Par Emmanuel Bouclon – Anna et Loïc, cinquantenaires parisiens aisés, les enfants partis, un couple qui s’aime. Anna a connu un cancer, s’est battu avec Loïc à ses côtés pour s’en sortir. Certains diraient qu’ils ont tout pour être heureux. Et quand on a survécu à cette saloperie de maladie, comment ne pas l’être, se concentrer sur l’essentiel. Mais Anna et Loïc n’ont pas la même vision de ce bonheur à retrouver : pour l’un, il faut poursuivre la vie ancienne avec le cancer comme parenthèse; pour l’autre, c’est une vie nouvelle, dans de nouvelles outres, qu’il faut construire.

Derrière cette envie de nouveauté, d’expériences renouvelées, se cache aussi la difficulté à se dire l’usure de la séduction dans le couple, le poids des ans et des frustrants non-dits ressassés.

Alors, on tâtonne, on s’égare et on fait souffrir, on se perd – parfois définitivement – dans de nouvelles illusions, d’étranges rémissions.

Le couple dans la force de l’âge est un classique du théâtre privé ; Vivre ne suffit pas le revisite avec une force inattendue, une précision et une justesse étonnantes. Les mots tapent forts, nous ébranlent quand ils bousculent le partenaire, touchent là où ça fait mal. Rien ne semble convenu et surfait dans cette confrontation de bourgeois convenus. Tous ceux qui aiment ou qui ont aimé peuvent se sentir concernés par ces mots qui disent je t’aime mais j’ai envie d’ailleurs, d’un autre peut-être… j’ai envie de vivre mais je ne sais pas comment.

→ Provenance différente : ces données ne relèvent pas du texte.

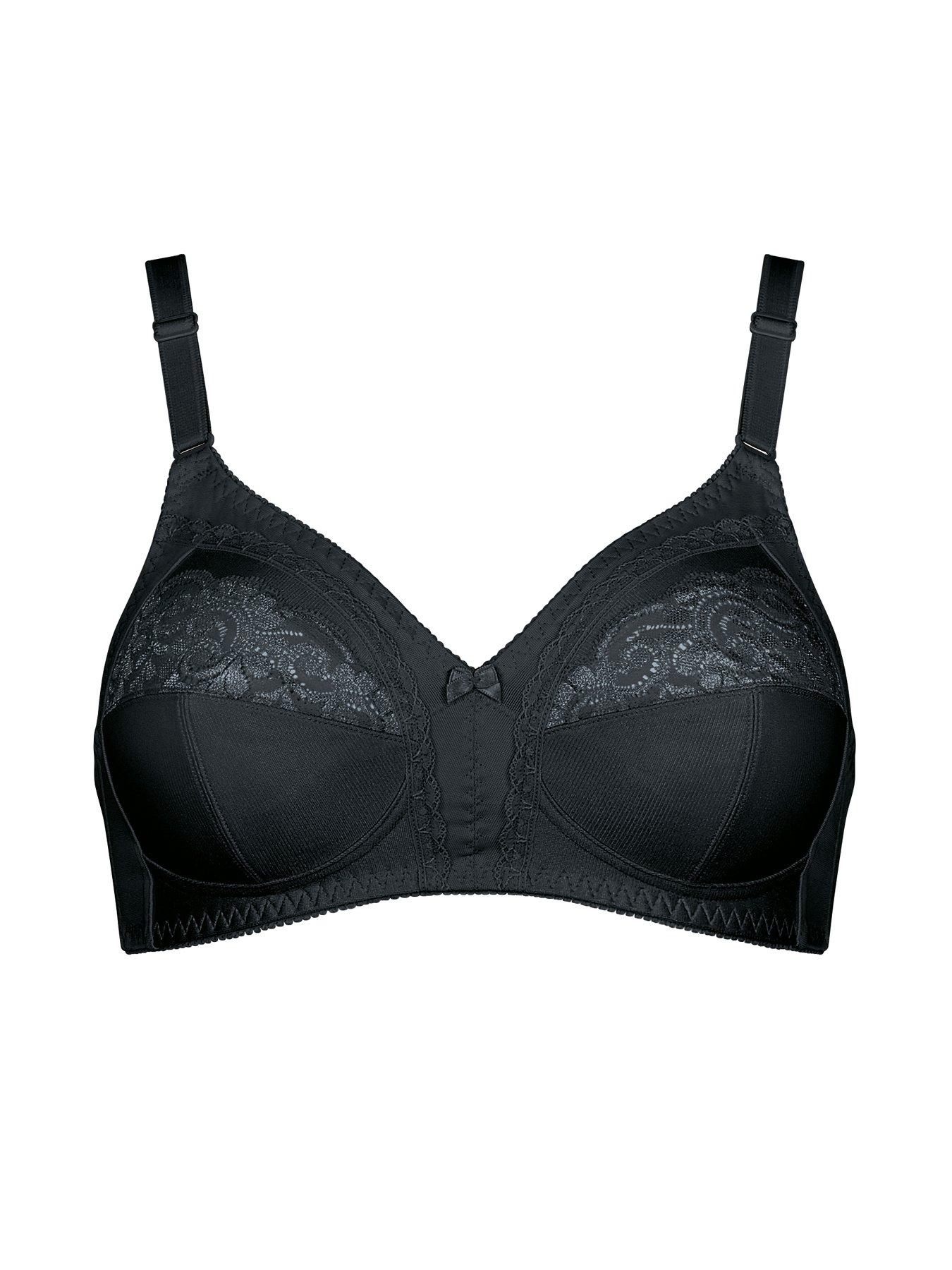 Image 3 of 3 of Triumph Triumph Claudette Bra - Black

Les deux acteurs portent ce texte avec une justesse étonnante ; sobre, sans un cri ou une larme de trop, ils vivent et disent les mots qui percutent, qui font mal ou qui rassurent. Si on a un peu peur de leur retenue au début de la pièce – Loïc semble comme étranger aux déchirures de sa femme -, on leur en sait gré après avoir voguer avec eux plus d’une heure.

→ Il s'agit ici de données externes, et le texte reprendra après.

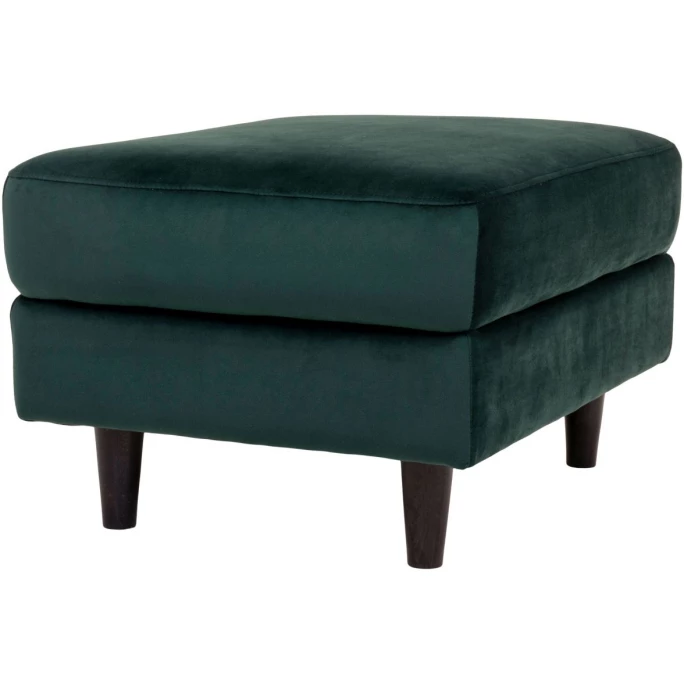 House Nordic Bologna Pouf - 52x68x42 Cm - Grün 5 House Nordic Bologna Pouf - 52x68x42 Cm - Grün – Bild 3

Le décor est à l’avenant : un canapé, deux cloisons japonaises, un fond bleu. Une sobriété qui sert d’écrin aux mots simplement, sans en distraire, ni les contraindre. Entre chaque scène, marquant une étape du couple, on prend alors le temps d’une musique, comme pour permettre aux spectateurs de digérer, de s’approprier ce qu’ils ont vu et entendu. C’est agréable aussi un spectacle qui n’a pas besoin d’effets pour exister… pour dire du vrai…

NOTRE AVISVivre ne suffit pas est un spectacle qui ne la ramène pas, qui n’en rajoute pas – comme son affiche -. C’est un moment de vérité et de justesse sur l’amour et le couple.

Vivre ne suffit pas, de Jean-Mary Pierre, mis en scène par Hélène Darche, à l’Espace Roseau  (04.92.25.96.05) , du 06 au 29 juillet 2018 à 11h45.